If I only had a brain.
K-
Yesterday my younger son commented that I haven't been blogging as much as I used to. He's absolutely correct. Summertime outdoor chores, work, several family events, and a general paucity of blog-worthy material has reduced the frequency of my blog entries.
But I feel bad for D-. "I like reading your blog," he said. "Especially when it's about me."

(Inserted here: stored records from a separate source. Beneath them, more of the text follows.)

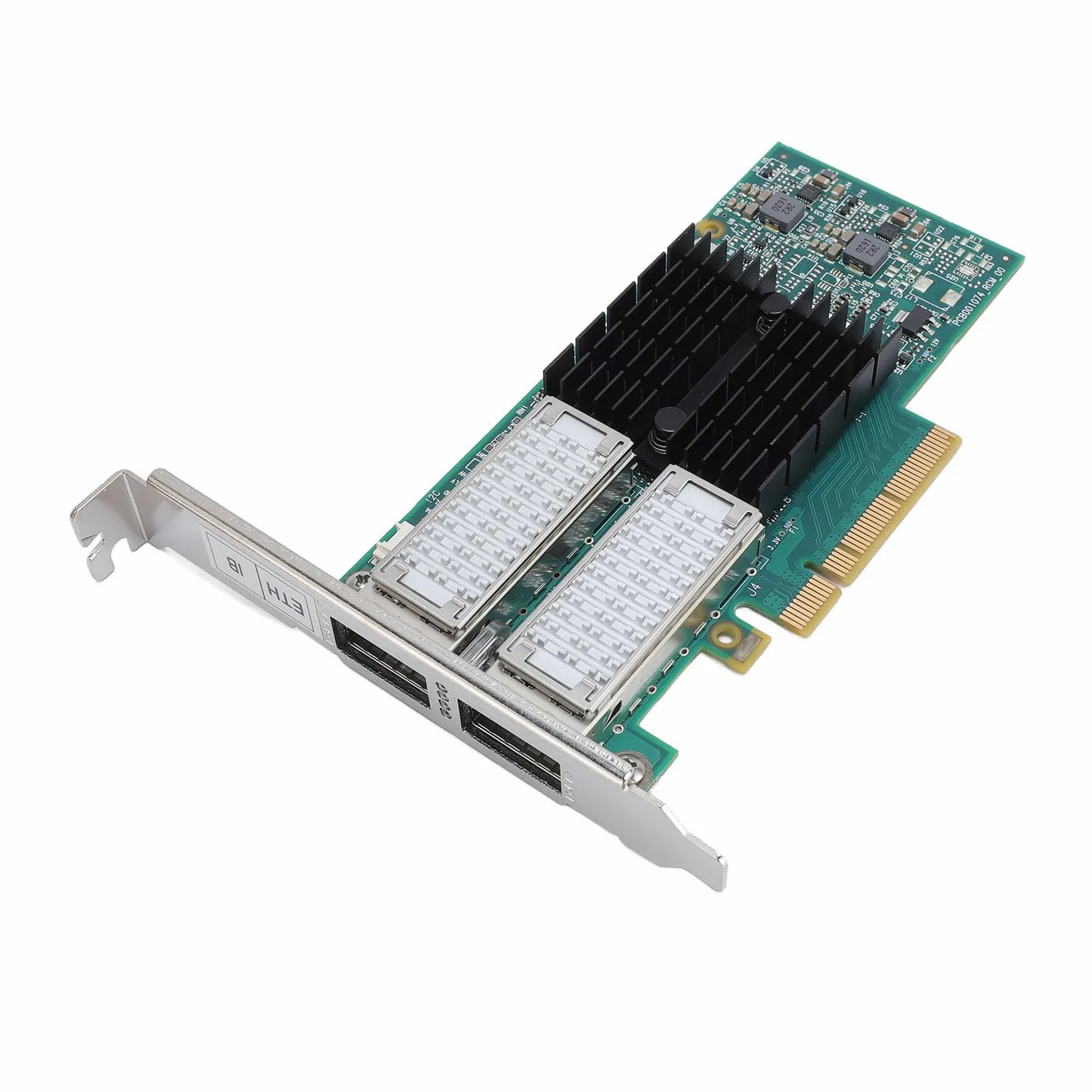 PUSOKEI Adaptateur Ethernet PCI Express Connexion Stable pour InfiniBand et Ethernet avec Deux Ports pour Ponts de Centre de Données, adapté aux Cloud Privés et au Calcul Haute Performance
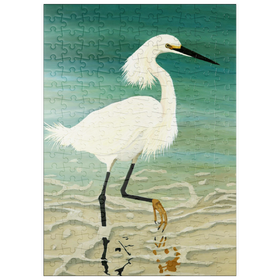 Darstellung des Puzzle Motivs Schneereiher beim Spaziergang im seichten Wasser - Puzzleteile: 200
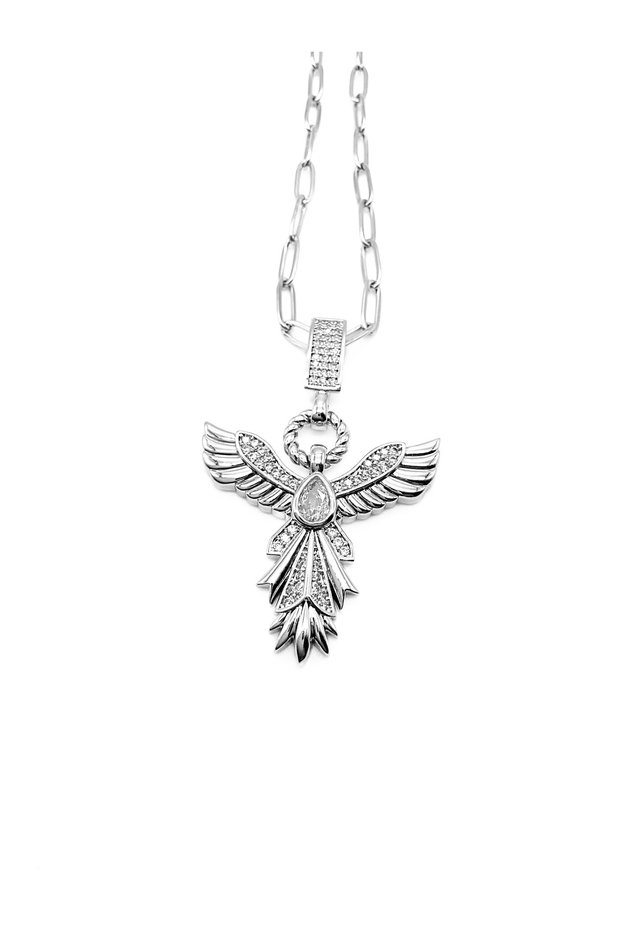 Youday Steel Paperclip Chain Phoenix Necklace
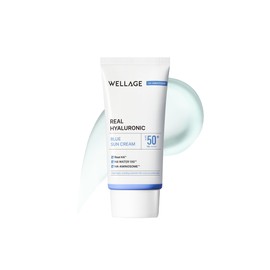 WELLAGE Real Hyaluronic Blue Sun Cream SPF50+ Moisturizing, Sunscreen Cream, 1.7 fl oz (50 ml), All Skin Types, Hyaluronic Acid Blend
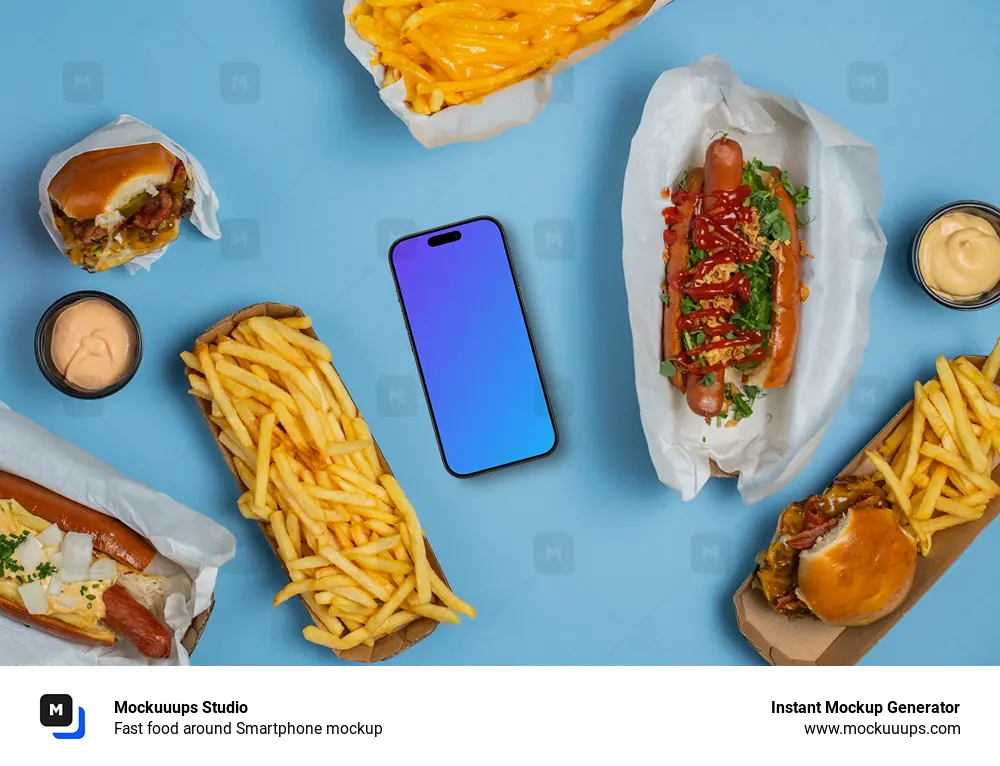 Fast food around Smartphone mockup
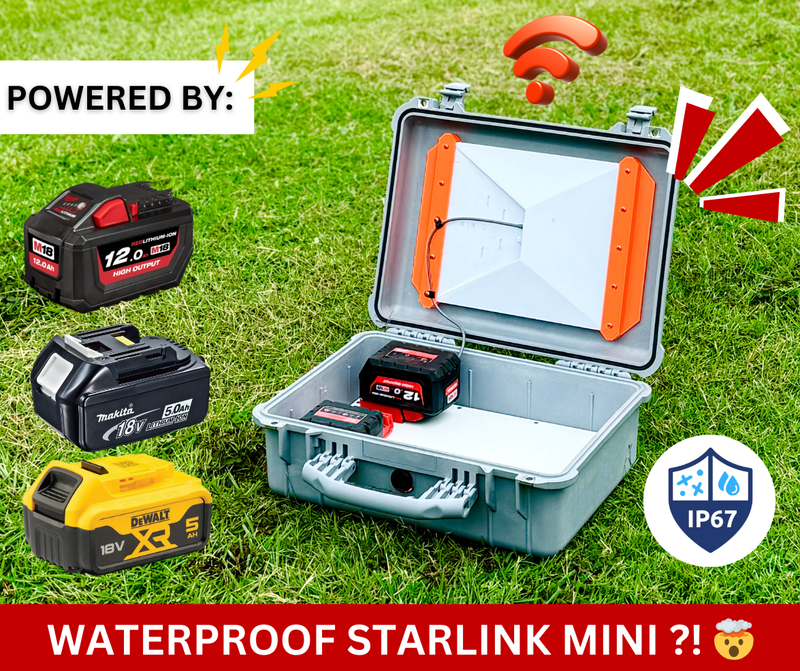 Starlink mini in a case with power tools battery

So here goes... a blog entry just for D-:
Hey, bosco, you've been sleeping mighty late in the morning since you got out of school last week. You need to get your ass out of bed and do something. You're not spending all summer lying in bed, playing video games, and accomplishing nothing. You've got trumpet to practice, you can go for a run, and you need to get packed for camp. If you can't find a little more motivation to do something constructive, I can provide you with lots of chores around the house that will give you that great satisfied feeling of accomplishment.
Do you think he'll like it?
K-
I've got to get serious with my planning. You see, starting this Sunday I will be Scoutmaster for a week at our Boy Scout Troop's summer camp venture to Broad Creek Memorial Scout Reservation. I'll be gone for a week returning on July 3. I've got so many things to do before going: make patrol lists, get troop gear, call drivers, pack my stuff, and pray.
This will be the third time I've been summer camp Scoutmaster and I've been assistant Scoutmaster three times more. Most of the time things go OK. Making this year extra-fun is that more than half the scouts going with me are first-year scouts. As in "just finished 5th-grade, probably never been away from home, have no idea where anything is" first-year scouts.
First-year scouts are the only Scouts that get homesick. I had 3 or 4 succumb to homesickness a few years ago. What an effort that can be. Homesick kids walk around crying and moping, everything becomes an issue, all they can think and talk about is going home. If they could turn all that energy being miserable into energy being happy, they would have an incredible time. As Scoutmaster my job is to make sure they stay at camp the whole week. Homesick kids need to learn that they can survive a week away from Mom and Dad (or their dog or their Nintendo or their air conditioning). And as cruel as it sounds, I have no intention of sending a first-year scout home no matter how homesick. I work hard to keep them busy, keep them fed, keep them dry, keep them having fun, and never, ever let them get near a phone while they're in camp.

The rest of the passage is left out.